Bana Malik'den, Abdullah b. Ebu Habibe'nin şöyle dediği rivayet edilmiştir: Henüz gençken bir adama, "Beytullah'a (Kabe'ye) kadar yürüyeceğim dersem fakat (Beytullah'a kadar) yürüyeceğime dair adakta bulunmasam ne olur?" diye sordum. O sırada adamın birisi de bana elindeki küçük salatalığı göstererek: "Beytullah'a kadar yürüyeceğim dersen bunu sana vereceğim." dedi. Ben de "Tamam!" dedim. Ben henüz o zaman gençtim. Meseleyi biraz geçtikten sonra anlayabildim. Bana "Yürümen gerekli." denilmişti. Ben de hemen Said b. Müseyyeb'e giderek durumu ona anlattım. O da bana "Yürümen gerekli." dedi, ben de yürüdüm. Malik dedi ki: Bu durum bize göre de böyledir.

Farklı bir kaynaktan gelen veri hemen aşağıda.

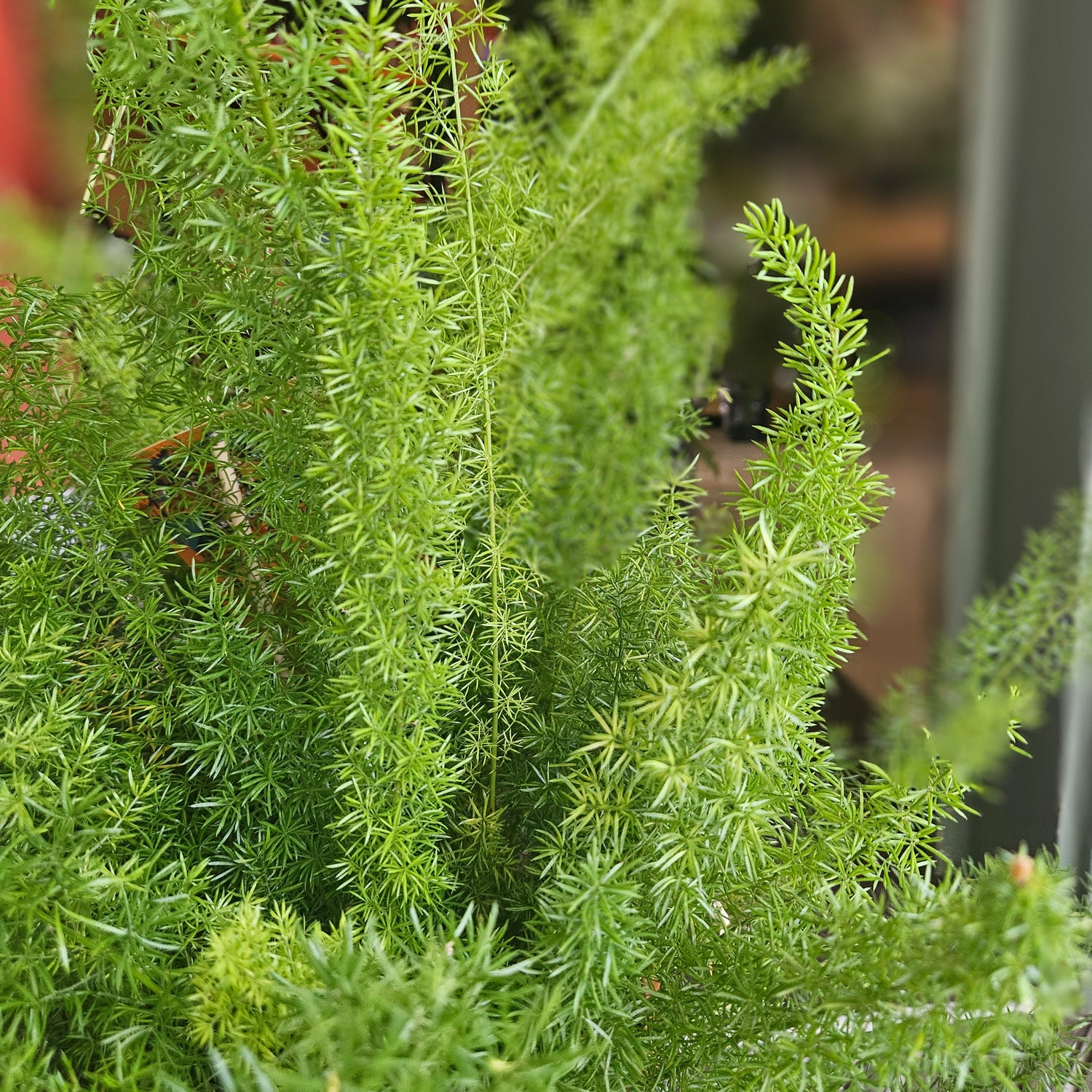 Asparagus densiflorus ‘Myersii’ (Foxtail Fern)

Bize Yahya, ona Malik, ona da Urve b. Uzeyne el-Leysî şöyle demiştir: Ninem ile evden dışarı çıktık. Ninem Beytullah'a (Kabe'ye) kadar yürümek için adakta bulunmuştu. Yoldayken ninem yürümekte zorlandı. Hemen azatlı kölesini bu durumu sorması için Abdullah b. Ömer'e gönderdi. Ben de onunla birlikte gittim. Abdullah b. Ömer'e durumu sordu. Abdullah da: "Ona söyle, bir bineğe binsin. Daha sonra yürüyemediği yerden tekrar yürür" dedi. Yahya dedi ki: Malik'i şöyle derken duydum: Biz de bu görüşteyiz. Ayrıca bir de kurban keser.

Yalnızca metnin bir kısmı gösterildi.